Far from protecting agriculture, it destroyed it, as growers and canners of pineapple, sugar cane and other crops cannot afford to pay workers enough for them to afford housing and still compete with farms in Fiji, Costa Rica and other countries. Between 1982 and 2007, the number of acres used for growing crops in Hawaii declined by nearly 60 percent.
Advocates of the land-use law also argue that it is needed to reduce urban service costs, as it is less expensive to serve a compact community than one that is spread out. But what good is a small reduction in urban service costs when housing prices are tripled?
According to regulations from the U.S. Department of Housing and Urban Development, if the goals that the land-use restrictions are meant to achieve could be reached in some other way that doesn’t make housing less affordable, then the restrictions also violate the fair housing law.
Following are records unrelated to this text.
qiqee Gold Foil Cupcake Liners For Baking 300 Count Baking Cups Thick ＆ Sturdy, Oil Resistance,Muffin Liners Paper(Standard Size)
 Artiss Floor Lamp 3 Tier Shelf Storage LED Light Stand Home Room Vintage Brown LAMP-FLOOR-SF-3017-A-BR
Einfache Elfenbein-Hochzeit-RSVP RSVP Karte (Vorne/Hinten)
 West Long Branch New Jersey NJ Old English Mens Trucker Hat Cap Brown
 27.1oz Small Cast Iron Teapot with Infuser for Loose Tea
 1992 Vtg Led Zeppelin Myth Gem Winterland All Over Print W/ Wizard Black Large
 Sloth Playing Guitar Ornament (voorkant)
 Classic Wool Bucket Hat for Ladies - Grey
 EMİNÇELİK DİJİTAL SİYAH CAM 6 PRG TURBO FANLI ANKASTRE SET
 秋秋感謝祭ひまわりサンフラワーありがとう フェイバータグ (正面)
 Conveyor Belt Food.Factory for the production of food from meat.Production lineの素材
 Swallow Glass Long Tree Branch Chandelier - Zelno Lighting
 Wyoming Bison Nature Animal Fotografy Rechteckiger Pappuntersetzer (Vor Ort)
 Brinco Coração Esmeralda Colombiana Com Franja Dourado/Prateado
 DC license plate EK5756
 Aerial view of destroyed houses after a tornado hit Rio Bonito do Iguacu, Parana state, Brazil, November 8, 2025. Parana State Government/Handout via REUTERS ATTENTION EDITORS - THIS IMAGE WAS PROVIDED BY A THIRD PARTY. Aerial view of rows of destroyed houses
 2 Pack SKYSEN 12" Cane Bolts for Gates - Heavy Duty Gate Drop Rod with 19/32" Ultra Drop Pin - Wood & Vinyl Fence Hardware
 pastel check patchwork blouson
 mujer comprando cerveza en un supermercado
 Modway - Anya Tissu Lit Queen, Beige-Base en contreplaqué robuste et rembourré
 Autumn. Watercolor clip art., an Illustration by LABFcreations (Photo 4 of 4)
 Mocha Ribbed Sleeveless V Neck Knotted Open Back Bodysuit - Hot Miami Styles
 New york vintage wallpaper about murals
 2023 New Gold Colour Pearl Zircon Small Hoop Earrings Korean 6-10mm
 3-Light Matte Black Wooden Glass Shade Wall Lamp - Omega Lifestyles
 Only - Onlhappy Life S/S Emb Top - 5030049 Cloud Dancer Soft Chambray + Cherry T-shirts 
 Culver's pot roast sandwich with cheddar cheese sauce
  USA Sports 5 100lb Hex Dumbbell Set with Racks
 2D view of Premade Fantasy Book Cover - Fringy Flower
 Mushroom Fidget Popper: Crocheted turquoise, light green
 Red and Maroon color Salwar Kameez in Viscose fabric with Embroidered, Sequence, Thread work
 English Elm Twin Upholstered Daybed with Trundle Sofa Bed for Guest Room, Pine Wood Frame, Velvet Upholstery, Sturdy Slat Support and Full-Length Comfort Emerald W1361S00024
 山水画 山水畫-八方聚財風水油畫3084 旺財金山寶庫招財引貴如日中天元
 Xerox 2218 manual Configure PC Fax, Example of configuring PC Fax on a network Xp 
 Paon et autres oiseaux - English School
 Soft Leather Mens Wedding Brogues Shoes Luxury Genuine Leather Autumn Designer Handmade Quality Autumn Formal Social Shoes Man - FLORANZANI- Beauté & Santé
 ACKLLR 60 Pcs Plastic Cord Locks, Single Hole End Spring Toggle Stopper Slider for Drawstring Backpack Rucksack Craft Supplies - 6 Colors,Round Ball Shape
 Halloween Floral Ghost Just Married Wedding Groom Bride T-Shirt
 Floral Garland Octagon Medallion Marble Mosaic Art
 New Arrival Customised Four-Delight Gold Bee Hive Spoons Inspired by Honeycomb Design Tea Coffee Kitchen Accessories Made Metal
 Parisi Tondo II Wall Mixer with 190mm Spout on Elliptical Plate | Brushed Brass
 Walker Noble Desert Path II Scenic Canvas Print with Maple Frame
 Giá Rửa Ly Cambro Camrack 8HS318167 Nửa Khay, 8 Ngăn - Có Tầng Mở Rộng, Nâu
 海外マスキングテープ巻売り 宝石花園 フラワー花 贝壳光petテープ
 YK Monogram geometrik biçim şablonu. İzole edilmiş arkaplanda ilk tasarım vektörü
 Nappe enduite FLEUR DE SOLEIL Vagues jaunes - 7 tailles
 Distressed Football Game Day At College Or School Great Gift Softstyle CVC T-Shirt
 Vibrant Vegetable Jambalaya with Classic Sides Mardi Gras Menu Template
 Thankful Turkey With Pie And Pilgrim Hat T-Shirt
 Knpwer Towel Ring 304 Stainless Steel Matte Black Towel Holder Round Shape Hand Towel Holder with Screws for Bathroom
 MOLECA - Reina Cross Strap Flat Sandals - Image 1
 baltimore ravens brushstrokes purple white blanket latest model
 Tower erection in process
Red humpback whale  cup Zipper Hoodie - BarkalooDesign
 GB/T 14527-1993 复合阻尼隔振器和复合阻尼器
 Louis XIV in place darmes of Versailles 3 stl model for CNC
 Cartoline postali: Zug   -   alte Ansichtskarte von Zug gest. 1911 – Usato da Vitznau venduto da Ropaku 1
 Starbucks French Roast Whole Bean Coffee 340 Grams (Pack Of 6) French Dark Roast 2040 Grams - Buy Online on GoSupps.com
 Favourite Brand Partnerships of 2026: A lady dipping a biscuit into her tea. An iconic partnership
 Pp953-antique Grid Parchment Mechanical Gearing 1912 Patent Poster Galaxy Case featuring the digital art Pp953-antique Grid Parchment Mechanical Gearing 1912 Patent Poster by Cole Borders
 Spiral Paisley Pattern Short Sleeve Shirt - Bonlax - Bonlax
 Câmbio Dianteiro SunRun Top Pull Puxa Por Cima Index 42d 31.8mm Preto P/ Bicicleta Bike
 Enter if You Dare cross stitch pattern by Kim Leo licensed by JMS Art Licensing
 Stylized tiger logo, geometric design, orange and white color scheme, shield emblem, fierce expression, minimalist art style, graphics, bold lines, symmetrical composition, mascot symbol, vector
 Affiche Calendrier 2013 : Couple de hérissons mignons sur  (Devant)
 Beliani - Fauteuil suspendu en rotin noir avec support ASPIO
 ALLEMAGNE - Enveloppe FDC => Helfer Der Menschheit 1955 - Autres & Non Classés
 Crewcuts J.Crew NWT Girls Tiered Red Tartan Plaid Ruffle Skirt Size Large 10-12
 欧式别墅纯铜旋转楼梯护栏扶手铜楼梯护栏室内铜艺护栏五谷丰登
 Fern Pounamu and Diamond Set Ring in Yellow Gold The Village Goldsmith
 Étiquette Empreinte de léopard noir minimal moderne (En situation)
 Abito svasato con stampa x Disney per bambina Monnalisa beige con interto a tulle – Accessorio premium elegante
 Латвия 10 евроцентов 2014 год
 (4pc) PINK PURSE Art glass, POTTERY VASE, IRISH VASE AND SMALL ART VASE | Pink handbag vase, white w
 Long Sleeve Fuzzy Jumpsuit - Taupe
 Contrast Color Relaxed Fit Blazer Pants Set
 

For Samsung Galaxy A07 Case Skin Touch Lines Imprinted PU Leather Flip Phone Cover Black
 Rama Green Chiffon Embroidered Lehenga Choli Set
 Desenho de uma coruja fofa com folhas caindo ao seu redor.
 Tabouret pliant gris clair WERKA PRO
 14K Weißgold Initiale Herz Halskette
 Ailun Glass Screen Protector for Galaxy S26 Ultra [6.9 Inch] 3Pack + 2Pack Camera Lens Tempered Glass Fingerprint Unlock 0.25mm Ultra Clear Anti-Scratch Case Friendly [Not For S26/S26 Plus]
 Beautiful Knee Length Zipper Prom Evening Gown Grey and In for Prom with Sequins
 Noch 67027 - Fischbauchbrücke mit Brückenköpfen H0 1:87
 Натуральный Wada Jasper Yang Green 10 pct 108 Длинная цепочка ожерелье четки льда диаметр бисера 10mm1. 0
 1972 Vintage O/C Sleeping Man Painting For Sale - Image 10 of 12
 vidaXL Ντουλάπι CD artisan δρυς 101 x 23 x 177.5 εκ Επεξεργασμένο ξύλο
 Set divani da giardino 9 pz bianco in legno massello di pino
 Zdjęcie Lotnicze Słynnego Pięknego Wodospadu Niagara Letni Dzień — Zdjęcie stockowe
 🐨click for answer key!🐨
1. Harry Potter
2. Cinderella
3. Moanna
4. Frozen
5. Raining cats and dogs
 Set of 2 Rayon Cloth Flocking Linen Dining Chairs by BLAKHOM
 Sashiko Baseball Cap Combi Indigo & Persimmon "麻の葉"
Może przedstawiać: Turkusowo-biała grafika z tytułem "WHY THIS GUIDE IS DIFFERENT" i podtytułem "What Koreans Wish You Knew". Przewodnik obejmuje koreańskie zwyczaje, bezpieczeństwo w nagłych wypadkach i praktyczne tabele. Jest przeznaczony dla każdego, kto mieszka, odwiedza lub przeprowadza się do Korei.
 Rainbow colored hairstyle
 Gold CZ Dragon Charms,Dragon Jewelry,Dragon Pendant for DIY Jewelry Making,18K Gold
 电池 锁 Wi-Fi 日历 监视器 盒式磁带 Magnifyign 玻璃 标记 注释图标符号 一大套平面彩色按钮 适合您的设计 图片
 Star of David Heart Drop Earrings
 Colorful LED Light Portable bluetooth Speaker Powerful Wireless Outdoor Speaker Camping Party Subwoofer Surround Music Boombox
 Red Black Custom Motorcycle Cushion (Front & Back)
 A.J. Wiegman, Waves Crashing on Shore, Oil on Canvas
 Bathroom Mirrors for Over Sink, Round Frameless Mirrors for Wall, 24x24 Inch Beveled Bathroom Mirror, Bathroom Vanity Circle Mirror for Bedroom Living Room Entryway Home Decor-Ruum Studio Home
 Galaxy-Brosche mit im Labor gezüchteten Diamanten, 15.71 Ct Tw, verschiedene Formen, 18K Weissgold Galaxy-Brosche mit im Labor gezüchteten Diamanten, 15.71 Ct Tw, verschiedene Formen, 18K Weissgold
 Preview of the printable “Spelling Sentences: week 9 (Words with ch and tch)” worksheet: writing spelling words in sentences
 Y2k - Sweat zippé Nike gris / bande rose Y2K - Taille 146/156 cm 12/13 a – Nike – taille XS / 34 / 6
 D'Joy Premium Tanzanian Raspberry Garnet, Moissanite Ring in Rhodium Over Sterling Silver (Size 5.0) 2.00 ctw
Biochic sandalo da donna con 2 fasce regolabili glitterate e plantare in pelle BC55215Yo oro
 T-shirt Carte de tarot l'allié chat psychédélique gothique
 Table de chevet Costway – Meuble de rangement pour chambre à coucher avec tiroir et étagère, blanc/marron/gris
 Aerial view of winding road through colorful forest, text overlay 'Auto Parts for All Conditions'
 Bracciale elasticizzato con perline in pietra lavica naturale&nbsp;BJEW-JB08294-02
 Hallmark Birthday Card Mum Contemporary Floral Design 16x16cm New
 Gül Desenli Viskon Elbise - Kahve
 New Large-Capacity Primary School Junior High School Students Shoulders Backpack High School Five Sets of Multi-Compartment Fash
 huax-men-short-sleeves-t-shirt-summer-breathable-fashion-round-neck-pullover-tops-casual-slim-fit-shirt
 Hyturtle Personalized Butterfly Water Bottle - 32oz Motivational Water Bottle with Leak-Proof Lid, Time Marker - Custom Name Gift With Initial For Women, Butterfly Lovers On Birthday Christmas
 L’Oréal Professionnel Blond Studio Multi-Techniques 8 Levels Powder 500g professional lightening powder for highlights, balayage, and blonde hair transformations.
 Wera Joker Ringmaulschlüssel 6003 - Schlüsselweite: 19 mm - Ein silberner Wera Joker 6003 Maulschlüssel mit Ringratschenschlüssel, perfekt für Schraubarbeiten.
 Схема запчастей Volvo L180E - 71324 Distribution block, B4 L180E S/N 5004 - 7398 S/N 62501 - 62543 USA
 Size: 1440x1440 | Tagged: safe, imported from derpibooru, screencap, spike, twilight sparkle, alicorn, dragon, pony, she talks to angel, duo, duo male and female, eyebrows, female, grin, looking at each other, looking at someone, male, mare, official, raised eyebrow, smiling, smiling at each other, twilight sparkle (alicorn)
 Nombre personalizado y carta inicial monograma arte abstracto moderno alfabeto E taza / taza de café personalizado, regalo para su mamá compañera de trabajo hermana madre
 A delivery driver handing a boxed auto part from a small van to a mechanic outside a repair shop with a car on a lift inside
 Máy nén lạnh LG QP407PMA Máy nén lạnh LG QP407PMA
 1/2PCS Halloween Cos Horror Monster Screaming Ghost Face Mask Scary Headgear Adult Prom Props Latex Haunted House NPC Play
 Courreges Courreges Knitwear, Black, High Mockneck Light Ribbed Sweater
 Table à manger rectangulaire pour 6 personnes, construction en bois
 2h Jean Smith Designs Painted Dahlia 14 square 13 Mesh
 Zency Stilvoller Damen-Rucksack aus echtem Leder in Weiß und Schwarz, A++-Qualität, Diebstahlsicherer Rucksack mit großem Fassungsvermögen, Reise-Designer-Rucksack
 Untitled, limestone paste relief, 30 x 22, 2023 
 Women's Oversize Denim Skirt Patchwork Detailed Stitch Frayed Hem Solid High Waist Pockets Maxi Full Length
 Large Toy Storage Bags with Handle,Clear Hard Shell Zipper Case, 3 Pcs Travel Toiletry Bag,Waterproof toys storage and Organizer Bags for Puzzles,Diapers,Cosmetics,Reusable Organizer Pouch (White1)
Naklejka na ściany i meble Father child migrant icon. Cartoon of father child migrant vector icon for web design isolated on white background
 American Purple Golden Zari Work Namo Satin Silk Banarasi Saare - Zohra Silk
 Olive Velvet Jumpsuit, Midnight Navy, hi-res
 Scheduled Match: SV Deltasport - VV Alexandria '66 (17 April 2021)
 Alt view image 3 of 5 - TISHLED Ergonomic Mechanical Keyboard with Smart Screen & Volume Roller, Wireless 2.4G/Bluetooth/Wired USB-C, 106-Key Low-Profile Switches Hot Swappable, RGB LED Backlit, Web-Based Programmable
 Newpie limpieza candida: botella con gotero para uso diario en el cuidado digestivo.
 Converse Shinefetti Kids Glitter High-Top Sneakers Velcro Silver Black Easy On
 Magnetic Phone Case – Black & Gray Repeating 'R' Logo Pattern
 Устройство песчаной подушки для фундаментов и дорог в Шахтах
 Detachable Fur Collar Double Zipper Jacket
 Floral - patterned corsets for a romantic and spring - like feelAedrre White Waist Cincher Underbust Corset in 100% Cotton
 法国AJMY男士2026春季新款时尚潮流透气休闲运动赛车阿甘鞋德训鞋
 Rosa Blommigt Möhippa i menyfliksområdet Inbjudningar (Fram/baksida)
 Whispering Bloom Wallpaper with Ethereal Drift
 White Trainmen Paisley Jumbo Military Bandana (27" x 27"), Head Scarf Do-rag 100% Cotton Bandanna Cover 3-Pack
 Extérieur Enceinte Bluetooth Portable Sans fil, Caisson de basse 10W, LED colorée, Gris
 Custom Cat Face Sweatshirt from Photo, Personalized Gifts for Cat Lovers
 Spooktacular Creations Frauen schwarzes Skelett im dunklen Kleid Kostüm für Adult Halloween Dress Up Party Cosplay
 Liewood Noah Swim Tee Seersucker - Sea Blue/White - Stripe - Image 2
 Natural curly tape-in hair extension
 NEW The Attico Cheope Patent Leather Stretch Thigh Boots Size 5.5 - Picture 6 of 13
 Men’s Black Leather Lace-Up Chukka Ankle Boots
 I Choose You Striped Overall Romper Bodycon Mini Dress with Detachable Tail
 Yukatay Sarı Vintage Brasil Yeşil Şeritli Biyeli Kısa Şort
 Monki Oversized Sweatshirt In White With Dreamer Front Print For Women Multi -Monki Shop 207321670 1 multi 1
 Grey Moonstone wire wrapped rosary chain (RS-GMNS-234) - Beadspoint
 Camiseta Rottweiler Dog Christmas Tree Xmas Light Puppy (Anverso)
All of the reasons given for Hawaii’s land-use law are either not legitimate or could be achieved without making housing less affordable.
Oahu, Maui and Hawaii have responded to their housing affordability problems by passing “inclusionary zoning” mandates that require developers to sell a specific share of the homes they build to lower income families at less than market rates. But inclusionary zoning itself violates the Fair Housing Act because it makes housing less affordable for all but the lucky few who get to buy or rent the below-market homes.
Research has shown that developers respond to inclusionary zoning mandates by building fewer homes and selling the market-rate homes they build for higher prices to compensate for their losses on the so-called affordable homes. When the price of new homes goes up, owners of existing homes also raise their prices, so all homebuyers except the lucky few to get an “affordable” home end up paying more.
To make matters worse, MIT economist Matthew Rognlie has shown that rising wealth inequality is due almost solely to rising housing prices (www.brookings.edu/~/media/Projects/BPEA/Spring-2015/2015a_rognlie.pdf ?la=en). Wealth inequality in America reached a low point in 1970, when housing was affordable almost everywhere and median home prices in Hawaii were only a little over three times median family incomes.
Since then, states and urban areas have applied such policies to regions containing nearly half the housing in the nation, leading wealth inequality to grow as people who already owned homes received windfalls while people who didn’t were forced to either go heavily into debt or were shut out of the housing market. Ironically, the main cause of the wealth inequality that progressives decry is the land-use regulation that progressives promote.
In short, urban-containment and many other land-use policies that make housing less affordable, including lengthy permitting processes, excessive impact fees and affordable-housing mandates, all appear to violate the Fair Housing Act. Ending these policies would help revitalize Hawaii’s economy and create new opportunities for low-income people.